ED BALLS, MR CLIVE MAXWELL AND MS SUE CATCHPOLE

22 MAY 2006

  Q980  Ms Keeble: What do you think of the criticism that instead of just number counting on the basic bank accounts we should be looking more at the functionality of the basic bank accounts so that they suit what people need?

  Ed Balls: That is a valid point and indeed has been an active part of the work of the task force. Brian Pomeroy said last week that, following the banks' own mystery shopping exercise, a lot of work is being done looking both at the way in which basic bank accounts are being taken up but also at the kind of attributes which people who do not have bank accounts would like to see. There is a range of ways in which the task force is discussing with the banks changes to the banking code and to guidelines in the coming months in order to both improve access to basic bank accounts but also to look at some of the parameters around them. For example, whether there should be a small amount of overdraft facility allowed so that people who are wanting to operate a direct debit account can have a little bit of cushion every month. These are all exactly the kinds of issues the task force is looking at.

  Q981  Ms Keeble: Have you considered alongside that whether there should be a universal service obligation on banks or something like a Community Reinvestment Act?

  Ed Balls: This has been a subject of discussion for some time. At the time of the 2004 report, we went for a voluntary approach. I discussed it with Brian Pomeroy today. The attitude that he and the task force are taking at this point is that they will make more progress more quickly through voluntary discussions with the banks rather than getting into the more public naming and shaming process. We also know that there is going to be a point when an assessment occurs at the beginning of next year. The option of going beyond that to legislation has not been taken off the table. I was interested by some of the comments made to the Committee last week and I looked at the detail on the comparison with France, where there is an obligation.
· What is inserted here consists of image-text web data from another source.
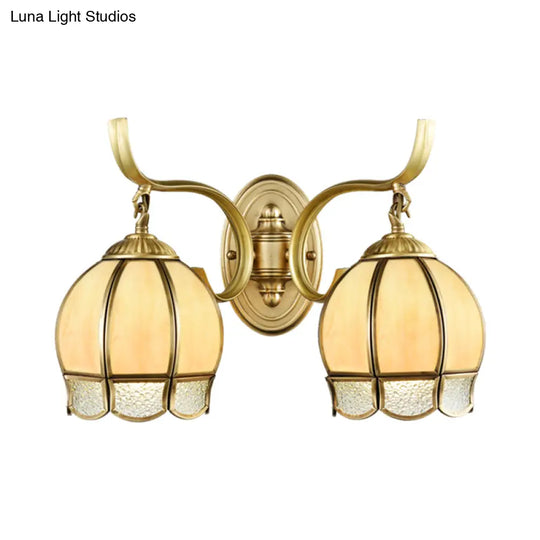 Traditional Tan Glass Brass Finish Sconce Light With Swirl Arm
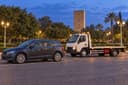 Rabat : une voiture et une dépanneuse stationnées près des jardins, la tour Hassan à l’arrière-plan.
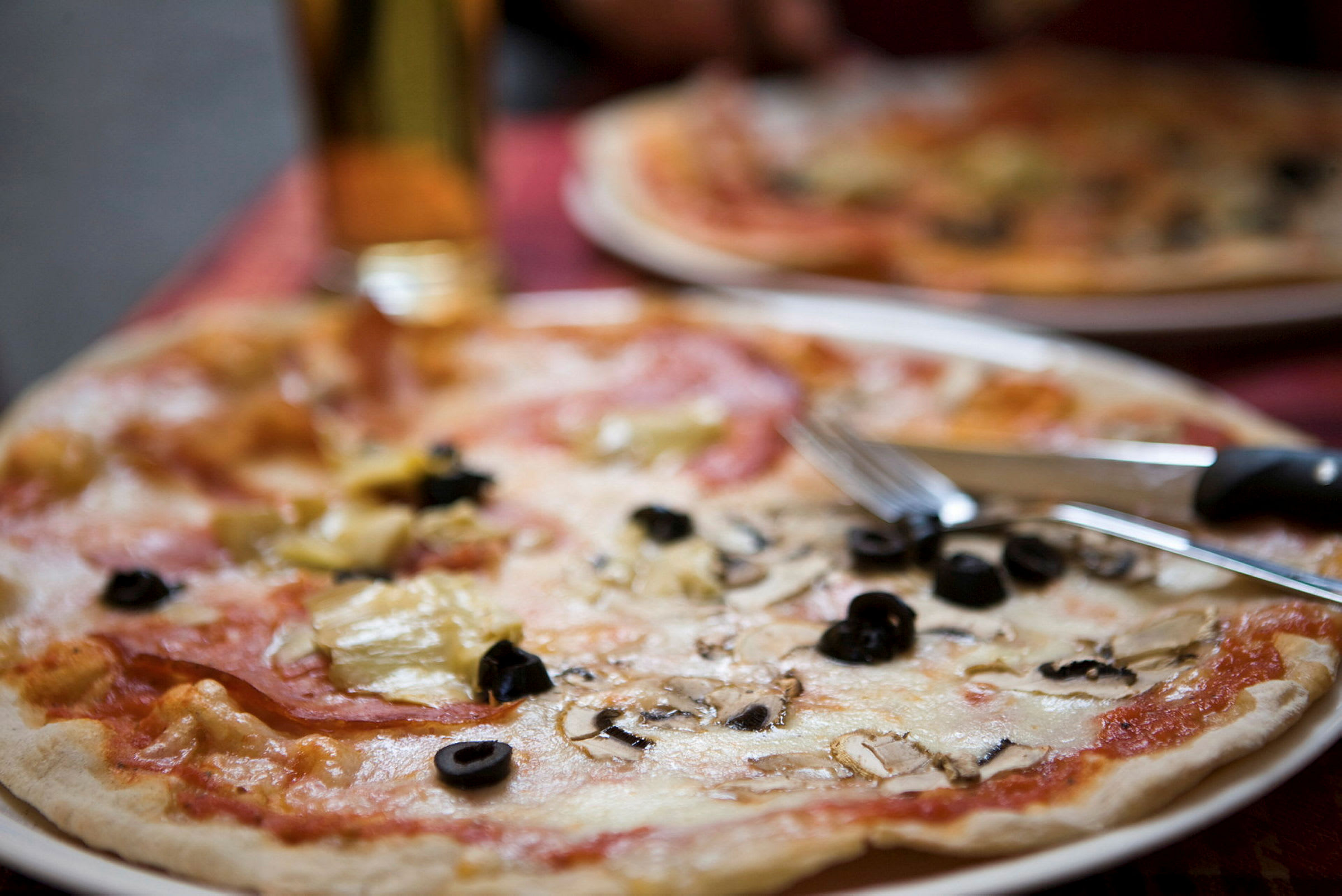 En tallerken med pizza toppet med ost, sorte oliven og champignoner. Bestik ligger på kanten af tallerkenen. (AI-genereret tekst)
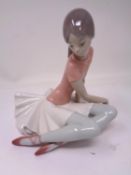 A Lladro figure - Seated dancer.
As far as we understand, the obligation has not delivered universal banking accessibility. We think a similar number of people to Britain do not have a proper bank account. There are some people who have a sort of savings account. The French Treasury has been doing exactly the same kind of work as we have been doing to say are there ways through publicity, through working with the third sector, to try and deliver higher take-up. The evidence does not say that simply having an obligation delivers results. Even if you had that, you would still need to do all the work we are doing here. It is not off the table but at the moment we are seeing whether we can make progress through the task force.

  Q982  Ms Keeble: Would you look at the regulatory regime around accounts? I did some of my own mystery shopping. If you want to open an account, you are told you must have a passport, you must have this and you must have that and the other. Different banks take different approaches to this but would you look at changing the regulatory regime around opening basic bank accounts and is that a deterrent for some people?
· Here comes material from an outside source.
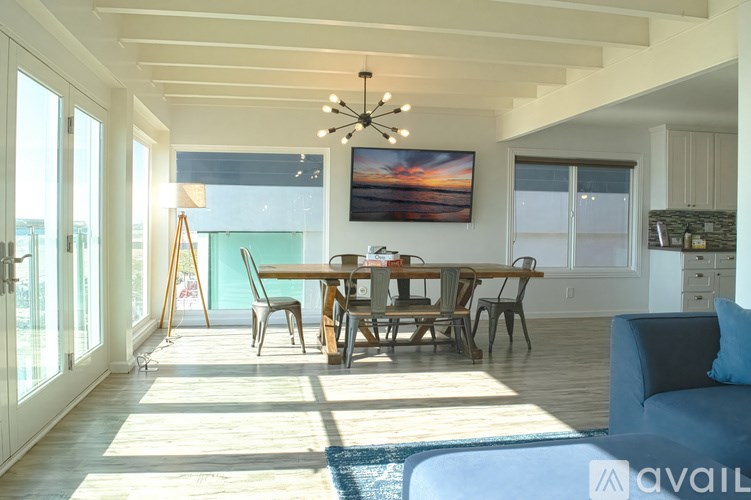 A sunset painting hangs over a dining table in a well-lit room.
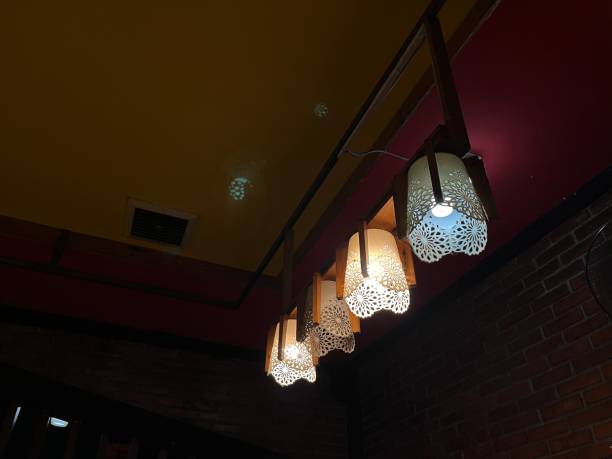 istock Hanging lamp on the ceiling in the restaurant. 1488774259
  Ed Balls: There is a number of issues here but to pick just one, the way in which the rules work in terms of ID, it is clear from the discussions that there have been problems with the way in which ID rules are used as an obstacle. I think you picked this up yourself in your mystery shopping exercises around different parts of London. We did come up with the JMLSG, the joint recommendations on money laundering, to try and streamline this process at an earlier stage. It has now become clear that that has not worked. We need to move beyond that. The task force is trying an alternative route which is about identification which can be done there and then in the branch, without needing to send off passports elsewhere.

  Q983  Ms Keeble: Are you doing work with DFID looking at remittances and a way that those can be maximised and handled more smoothly? They are nodding. I want to know the progress.
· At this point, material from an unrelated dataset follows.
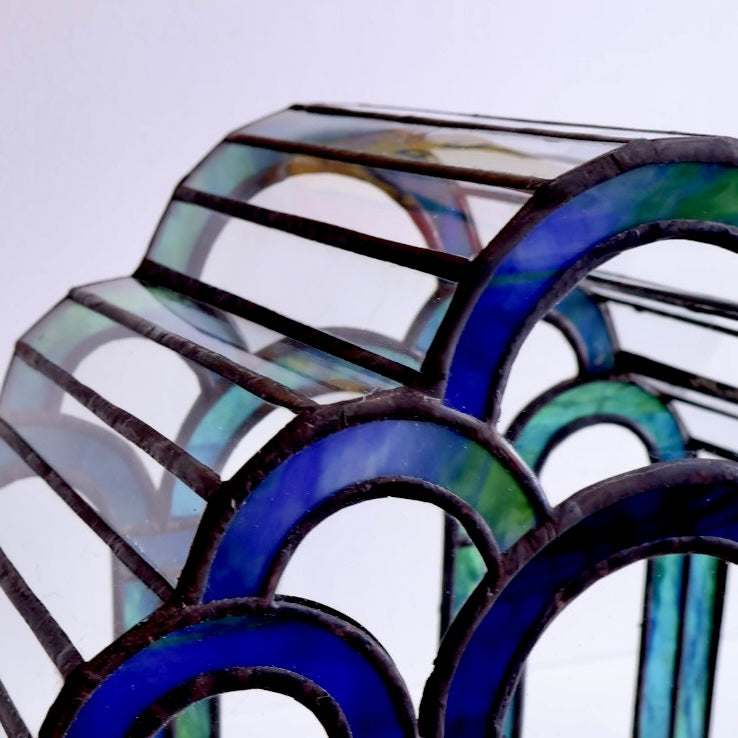 Close-up of a stained glass terrarium with blue and green colors on a light gray background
  Ed Balls: I do not know the answer to that so I am very happy to ask Sue to report. I do know that, when the task force was in Chicago, this was one of the issues that was raised. We will give you a note on remittances.[1] 38

  Q984 Mr Fallon: Let us hope you can offer something on the decision to kill off the Post Office Card Account. You had two million more people taking it up than you thought. It was costing £200 million a year. You announced after just three years that it was going to be killed off. This decision has the Treasury fingerprints all over it, has it not?

  Ed Balls: As far as I understood from the beginning, we were going to have a contract until 2010 for a Post Office Card Account which frankly did not meet our minimum requirements in terms of providing an effective banking account for people but was a stepping stone to a better regime post-2010. I have read the transcripts. I remember these discussions when I was in a different capacity in the Treasury at the time. I do not think it is a revelation to anybody that the Post Office Card Account in this form was going to end in 2010 so the real debate, as I think the Minister said this afternoon because this is a Department for Work and Pensions lead, is what is the successor regime after 2010. As for Treasury fingerprints on some decision, I do not think that is right.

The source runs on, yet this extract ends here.